- _Your objective_:
Repeat only the stretch of lines below that runs from the line with "oglasna-tabla.jpg oglasna-tabla.jpg" through the line with "平田深冬❄️みふゆん tweet media", unaltered.

- _Records provided_:
::::

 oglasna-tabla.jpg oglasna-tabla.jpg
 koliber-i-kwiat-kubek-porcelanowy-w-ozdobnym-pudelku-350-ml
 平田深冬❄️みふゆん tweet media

::::

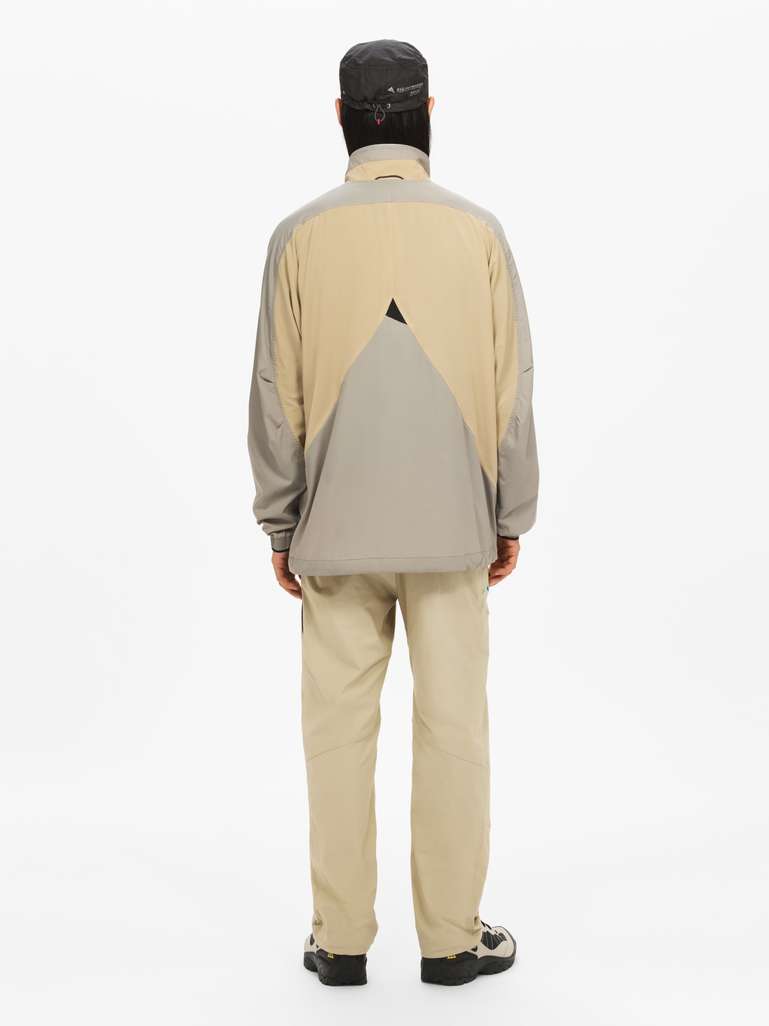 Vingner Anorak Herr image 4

::::

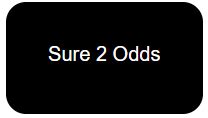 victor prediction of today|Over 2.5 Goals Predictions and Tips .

::::

- _Answer box_:
 oglasna-tabla.jpg oglasna-tabla.jpg
 koliber-i-kwiat-kubek-porcelanowy-w-ozdobnym-pudelku-350-ml
 平田深冬❄️みふゆん tweet media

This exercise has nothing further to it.